No evento, que contou com a participação de Bruno Reis, professor do Departamento Ciência Política da UFMG, e do jornalista e doutor em Ciência Política pela USP Leonardo Sakamoto, Virgílio alertou para o fato de que as tão faladas fake news são apenas parte do problema. “A finalidade da fake news não é a mensagem falsa. Há outros objetivos associados”, disse ele, dando o exemplo de uma fake news relacionada a vacinas. “Qual é o objetivo aqui? Desacreditar o conhecimento científico, a ciência”, pontuou.
“Então temos um ambiente de desinformação de várias facetas. Propaganda política, manipulação de ideias, de reputações. A fake news é [apenas] parte desse processo. Dentro desse panorama, é preciso que a gente reflita um pouco sobre o objetivo dessa desinformação.
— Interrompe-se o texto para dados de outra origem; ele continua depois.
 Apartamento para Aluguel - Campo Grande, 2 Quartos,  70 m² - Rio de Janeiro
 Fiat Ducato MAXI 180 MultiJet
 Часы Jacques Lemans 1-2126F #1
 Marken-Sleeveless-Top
Porque a finalidade da desinformação não é convencer, é confundir: criar um ambiente em que não se tem confiança nem garantias”, disse.
Desesperança
Em sua fala, Leonardo Sakamoto apresentou gráficos de dados coletados por um grupo de pesquisa da USP que demonstram que, nos últimos anos, a polarização política no país radicalizou-se a ponto de praticamente não haver mais trocas informacionais entre os integrantes de cada espectro político. Nesse sentido, defendeu que as próximas eleições devem ocorrer em um cenário de maniqueísmo ainda mais acirrado que as de 2018. “Em 2020 e 2022, ainda teremos eleições manipuladas, cujos resultados não necessariamente vão expressar a reflexão popular”, prevê Sakamoto, assumindo que talvez ainda não haverá instrumentos eficientes para combater esse quadro.
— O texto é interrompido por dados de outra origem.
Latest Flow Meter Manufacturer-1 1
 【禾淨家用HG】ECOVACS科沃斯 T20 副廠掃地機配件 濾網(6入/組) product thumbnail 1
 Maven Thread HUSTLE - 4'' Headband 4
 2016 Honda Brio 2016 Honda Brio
Pessimista, o cientista político disse concordar com a tese de Aviv Ovadya – pesquisador que estuda processos de falseamento da realidade e aborda a crise de desinformação que vem ameaçando as democracias contemporâneas, da qual as fake news são apenas a ponta do iceberg – segundo a qual um “infocalipse” nos espera. “Eu acho que a gente caminha para isso, e esse infocalipse vai f... a democracia, não só no Brasil, como em outros lugares", disse Sakamoto, defendendo que a gravidade do cenário não permite usar outra expressão para tratar do fenômeno.
Erosão do filtro social
Bruno Reis defendeu que aquilo que se saudava quando as redes sociais surgiram – a ideia de que “agora todo mundo é emissor” – “provavelmente está na raiz da decomposição” que vivemos hoje de nossas estruturas de interação no campo político-social. “Notícias falsas sempre foram abundantes, são parte do problema, mas talvez não sejam o problema principal. O problema hoje me parece ser a erosão do filtro social provocada pela existência de uma campanha pública por uma recepção minimamente unívoca do debate eleitoral”, disse. “E eu não acho que a gente está perto de [ter como] regular isso. A gente nem sabe ao certo como isso funciona”, lamentou.
Ao encerrar sua fala, o professor do Departamento de Ciência Política da UFMG demonstrou preocupação e pessimismo. “Internet existe há 20 anos, redes sociais há dez: eu mal consigo imaginar o que nos aguarda daqui a 30. Sinceramente, do lugar onde a gente está agora e até onde a gente consegue enxergar esses processos, creio que há fundadas razões para nos preocuparmos com a sustentabilidade do modelo de organização política”, alertou ele.
Reis também fez uma contundente defesa da busca pela verdade, sem a qual vão por água abaixo todo “o racionalismo e, com ele, não apenas a democracia, mas a universidade e os valores que fundamentam todo o universalismo liberal do mundo moderno”.
Mais cedo, uma primeira mesa já havia reunido Fabrício Benevenuto, professor do Departamento de Ciência da Computação da UFMG, Gilberto Scofield, diretor de Estratégias e Negócios da Agência Lupa, e Mônica Rosina, gerente de Políticas Públicas do Facebook. A TV UFMG conversou com Benevenuto e Scofield. Assista:
Organizado em seis encontros com entrada franca, o Ciclo IEAT 20 anos é aberto à participação das comunidades interna e externa. O primeiro encontro tratou da ascensão dos movimentos de direita no mundo; em novembro, o ciclo promoverá um debate sobre as mudanças climáticas.